Multi Activity Sequence Alignment via Implicit Clustering
Taein Kwon, Zador Pataki, Mahdi Rad, Marc Pollefeys
TL;DR
MASA addresses the challenge of self-supervised, dense temporal alignment across multiple activities without training separate models per activity. It introduces implicit clip-level clustering coupled with a dual augmentation strategy, integrated into a three-component framework: augmentation, context-aware embeddings, and alignment-cluster learning. The method demonstrates state-of-the-art performance on RGB and 3D skeleton data across H2O, PennAction, and IKEA ASM, excelling in fine-grained tasks and action recognition while showing strong cross-activity generalization. The key contributions are the implicit clip-level clustering approach, the bi-directional matching loss, and the dual augmentation design that yields robust, activity-discriminative representations.

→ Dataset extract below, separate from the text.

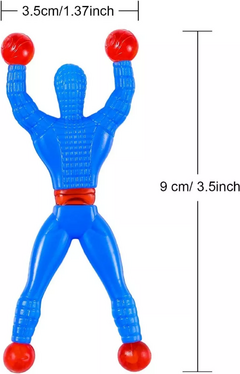 Spiderman Hombre Araña Escalador Pegajoso - tienda online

These advances offer practical impact for scalable, modality-agnostic video understanding in AR/VR and related domains.
Abstract
Self-supervised temporal sequence alignment can provide rich and effective representations for a wide range of applications. However, existing methods for achieving optimal performance are mostly limited to aligning sequences of the same activity only and require separate models to be trained for each activity. We propose a novel framework that overcomes these limitations using sequence alignment via implicit clustering. Specifically, our key idea is to perform implicit clip-level clustering while aligning frames in sequences. This coupled with our proposed dual augmentation technique enhances the network's ability to learn generalizable and discriminative representations. Our experiments show that our proposed method outperforms state-of-the-art results and highlight the generalization capability of our framework with multi activity and different modalities on three diverse datasets, H2O, PennAction, and IKEA ASM. We will release our code upon acceptance.